On Chesil Beach by Ian McEwan [amazon]

On Chesil Beach is a novella about a couple’s wedding night, so indulgently written that it sucked me in and I finished all in one setting. By limiting to just one scene and just two characters, we learn every little detail of the room, every inner thought of each character, the interplay of their thoughts and actions, their vulnerable and clumsy communication, the extremely cringeworthy misunderstandings, many assumptions born out of insecurity and emotional baggage, and more. It feels like getting to spy inside of someone else’s private life. Oh and it’s a movie now! But the movie’s not as good.

How to Be a Person in the World by Heather Havrilesky [amazon]
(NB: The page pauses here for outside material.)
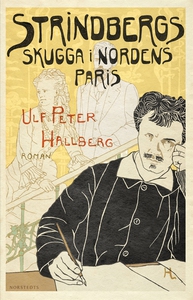 Strindbergs skugga i Nordens Paris (e-bok) av U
I saw a tweet by Havrilesky about her new book, What if This Were Enough?. I bought it and loved it so much I bought her other books, How to Be a Person in the World, Disaster Preparedness, and then I read all of her Ask Polly answers. For a sample of her writing, I love her House of Mirrors answer. Her writing is so direct yet compassionate. I tweeted that I was disappointed How to Be a Person in the World wasn’t an instruction manual and so she replied with one!
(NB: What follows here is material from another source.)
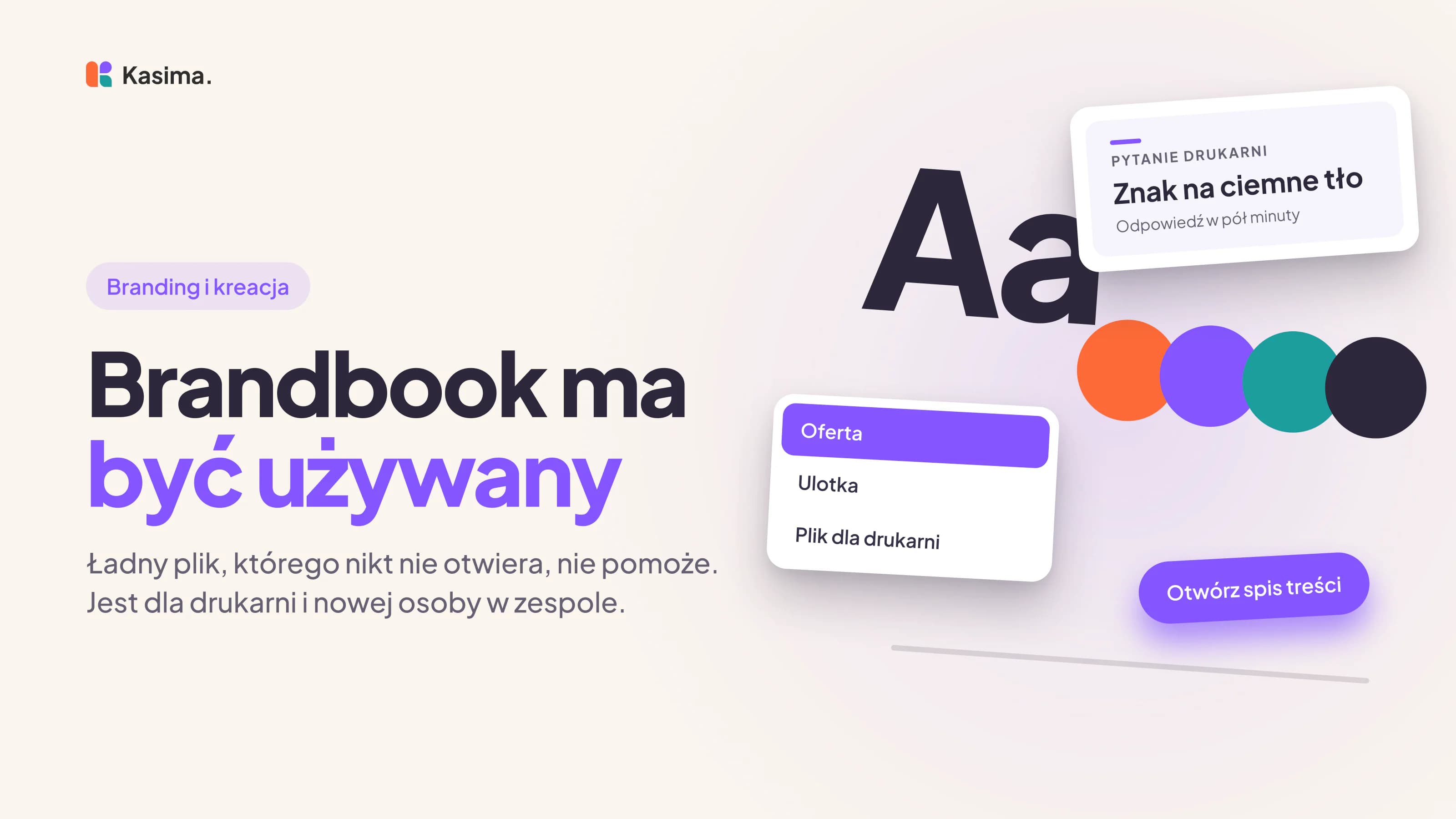 Okładka wpisu: Brandbook ma być używany. Ładny plik, którego nikt nie otwiera, nie pomoże. Jest dla drukarni i nowej osoby w zespole.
The Black Swan by Nassim Nicholas Taleb [amazon]

The Black Swan is not a new book, but I had never read it before. I’m often frustrated about how insistently people try to predict events and how they focus on whatever trivial thing they happen to know, when it’s clear the most important events will come as a surprise. Taleb has a less fatalistic view and champions how to act and best prepare yourself, in a world where what you don’t know is more important than what you do.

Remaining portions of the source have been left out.